Investigating the Effect of Prescribing Zinc Sulfate on Improving the Clinical Symptoms of Pneumonia in 2-59-Month-Old Children

Authors

1 Associate Professor of Pediatrics, Department of Pediatrics, Faculty of Medicine, Mashhad University of Medical Sciences, Mashhad, Iran.

2 Assistant Professor of Pediatrics, Department of Pediatrics, Faculty of Medicine, Mashhad University of Medical Sciences, Mashhad, Iran.

3 Department of Pediatric Allergy-immunology, Mashhad University of Medical Science, Mashhad, Iran.

4 Nuclear medicine Specialist, Nuclear medicine Research Center, Mashhad University of Medical Sciences, Mashhad, Iran.

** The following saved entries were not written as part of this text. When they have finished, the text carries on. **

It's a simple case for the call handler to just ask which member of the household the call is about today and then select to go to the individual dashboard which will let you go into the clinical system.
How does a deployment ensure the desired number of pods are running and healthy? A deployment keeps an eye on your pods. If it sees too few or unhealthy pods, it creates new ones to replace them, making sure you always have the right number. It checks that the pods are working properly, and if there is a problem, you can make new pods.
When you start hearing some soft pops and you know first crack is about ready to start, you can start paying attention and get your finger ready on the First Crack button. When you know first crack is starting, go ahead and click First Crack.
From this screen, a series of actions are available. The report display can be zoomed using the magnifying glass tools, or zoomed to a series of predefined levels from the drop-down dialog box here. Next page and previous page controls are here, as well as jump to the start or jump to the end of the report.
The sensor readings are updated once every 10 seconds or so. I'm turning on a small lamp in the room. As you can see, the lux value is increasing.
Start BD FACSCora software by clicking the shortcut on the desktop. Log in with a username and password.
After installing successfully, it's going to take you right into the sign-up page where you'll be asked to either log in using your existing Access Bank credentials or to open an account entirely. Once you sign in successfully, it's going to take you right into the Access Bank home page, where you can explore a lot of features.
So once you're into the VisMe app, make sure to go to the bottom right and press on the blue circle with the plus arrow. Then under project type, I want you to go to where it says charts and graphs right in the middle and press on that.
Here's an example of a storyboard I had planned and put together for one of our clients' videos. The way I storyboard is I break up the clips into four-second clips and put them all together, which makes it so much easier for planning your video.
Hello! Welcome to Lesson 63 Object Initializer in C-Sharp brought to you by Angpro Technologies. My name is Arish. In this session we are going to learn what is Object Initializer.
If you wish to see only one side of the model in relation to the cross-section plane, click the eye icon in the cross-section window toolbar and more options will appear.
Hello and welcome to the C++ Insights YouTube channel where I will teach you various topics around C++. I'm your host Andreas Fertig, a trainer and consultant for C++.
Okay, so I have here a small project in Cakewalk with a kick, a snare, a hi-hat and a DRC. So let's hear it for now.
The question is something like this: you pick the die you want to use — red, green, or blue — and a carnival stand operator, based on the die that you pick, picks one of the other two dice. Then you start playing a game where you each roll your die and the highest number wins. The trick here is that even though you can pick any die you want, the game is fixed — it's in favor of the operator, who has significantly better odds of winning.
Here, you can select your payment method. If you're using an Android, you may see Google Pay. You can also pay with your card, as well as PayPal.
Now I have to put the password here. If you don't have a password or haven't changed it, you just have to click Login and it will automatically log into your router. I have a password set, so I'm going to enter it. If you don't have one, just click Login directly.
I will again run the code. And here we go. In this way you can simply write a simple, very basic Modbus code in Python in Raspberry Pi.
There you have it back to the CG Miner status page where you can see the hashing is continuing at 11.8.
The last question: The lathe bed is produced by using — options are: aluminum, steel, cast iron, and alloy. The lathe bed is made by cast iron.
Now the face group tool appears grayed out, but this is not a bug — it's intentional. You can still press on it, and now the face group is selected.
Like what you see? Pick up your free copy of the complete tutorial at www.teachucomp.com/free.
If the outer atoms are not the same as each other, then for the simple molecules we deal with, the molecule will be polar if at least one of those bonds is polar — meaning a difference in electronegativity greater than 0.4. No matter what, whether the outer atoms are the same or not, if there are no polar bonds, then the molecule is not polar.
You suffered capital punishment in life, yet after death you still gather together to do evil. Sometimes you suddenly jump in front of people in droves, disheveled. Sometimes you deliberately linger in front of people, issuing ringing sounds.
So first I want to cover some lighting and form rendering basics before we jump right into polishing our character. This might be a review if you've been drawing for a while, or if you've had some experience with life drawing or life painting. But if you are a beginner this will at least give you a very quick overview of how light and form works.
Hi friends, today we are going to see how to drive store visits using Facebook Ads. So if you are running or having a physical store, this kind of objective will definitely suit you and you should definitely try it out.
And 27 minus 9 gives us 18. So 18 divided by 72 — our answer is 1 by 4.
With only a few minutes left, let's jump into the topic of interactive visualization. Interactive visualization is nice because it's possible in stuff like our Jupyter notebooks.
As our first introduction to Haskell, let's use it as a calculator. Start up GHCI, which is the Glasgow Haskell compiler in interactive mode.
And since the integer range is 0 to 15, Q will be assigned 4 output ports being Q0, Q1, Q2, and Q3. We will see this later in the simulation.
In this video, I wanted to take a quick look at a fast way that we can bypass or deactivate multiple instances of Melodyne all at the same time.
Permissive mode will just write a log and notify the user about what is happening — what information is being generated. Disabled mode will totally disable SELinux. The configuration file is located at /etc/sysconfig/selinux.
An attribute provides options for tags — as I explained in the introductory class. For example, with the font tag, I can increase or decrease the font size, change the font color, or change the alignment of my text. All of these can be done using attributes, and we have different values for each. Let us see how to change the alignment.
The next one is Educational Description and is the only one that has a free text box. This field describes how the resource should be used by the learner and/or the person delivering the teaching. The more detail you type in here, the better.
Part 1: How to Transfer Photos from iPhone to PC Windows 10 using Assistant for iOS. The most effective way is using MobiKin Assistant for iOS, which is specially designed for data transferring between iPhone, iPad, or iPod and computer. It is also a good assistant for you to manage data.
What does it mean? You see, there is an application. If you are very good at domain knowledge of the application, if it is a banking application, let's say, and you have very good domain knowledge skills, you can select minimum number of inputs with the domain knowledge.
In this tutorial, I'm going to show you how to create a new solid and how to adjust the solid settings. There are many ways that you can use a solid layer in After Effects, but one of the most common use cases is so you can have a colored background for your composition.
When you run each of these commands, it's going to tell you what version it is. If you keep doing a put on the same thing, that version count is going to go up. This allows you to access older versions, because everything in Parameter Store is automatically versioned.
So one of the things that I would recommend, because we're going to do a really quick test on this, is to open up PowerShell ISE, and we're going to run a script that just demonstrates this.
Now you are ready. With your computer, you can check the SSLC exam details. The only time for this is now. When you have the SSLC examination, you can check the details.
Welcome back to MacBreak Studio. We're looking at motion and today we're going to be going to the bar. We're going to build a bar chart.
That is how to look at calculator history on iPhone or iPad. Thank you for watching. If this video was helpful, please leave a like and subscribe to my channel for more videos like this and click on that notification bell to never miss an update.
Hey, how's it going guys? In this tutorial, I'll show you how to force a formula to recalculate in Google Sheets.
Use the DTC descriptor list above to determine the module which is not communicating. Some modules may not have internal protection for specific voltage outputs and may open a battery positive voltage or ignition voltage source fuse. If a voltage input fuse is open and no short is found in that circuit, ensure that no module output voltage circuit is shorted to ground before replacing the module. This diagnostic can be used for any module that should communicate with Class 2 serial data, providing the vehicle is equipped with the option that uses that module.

5 Pediatrician, Department of Pediatrics, Faculty of Medicine, Mashhad University of Medical Sciences, Mashhad, Iran.

Abstract


 
Background: Acute respiratory infections and especially pneumonia are considered as the most important infection-induced cause of child mortality in developing countries. We aimed to investigate the effect of prescribing zinc sulfate on improving the clinical symptoms of pneumonia in 2-59-month-old children.
Materials and Methods: This clinical trial study was performed on 108 children complaining of fever, coughs, and tachypnea referring to three educational hospitals of Mashhad (Ghaem, Imam Reza, and Dr. Sheikh). The patients were randomly assigned into control (n=54), and intervention (n=54). In the control group placebo was prescribed, while the intervention group received oral zinc sulfate 10 mg (1 ml/ kg in children younger than one year, and 20 mg/kg for children above one year every 12 hours. During hospitalization, every 12 hours the clinical symptoms of both groups including tachypnea, duration of fever, coughs, intercostal retraction, hypoxia, crackles-wheezing, and duration of hospitalization were recorded. At the beginning and end of the treatment, two blood samples were taken for determining the serum level of zinc.
Results: The findings indicated that the serum level of zinc sulfate after the intervention increased significantly in the intervention group (p <0.001). There was a significant difference in the duration of fever between the intervention and control groups 24 hours after hospitalization (p=0.014) and 36 hours post-hospitalization (p=0.02). Comparing the presence or absence of tachypnea in the intervention and control groups, there was a significant difference at 36 hours post-hospitalization (p=0.02).
Conclusion: Based on the results, zinc supplement was effective for patients with pneumonia in reducing the duration of fever and number of breaths, but it had no significant effect on the duration of coughs and hospitalization.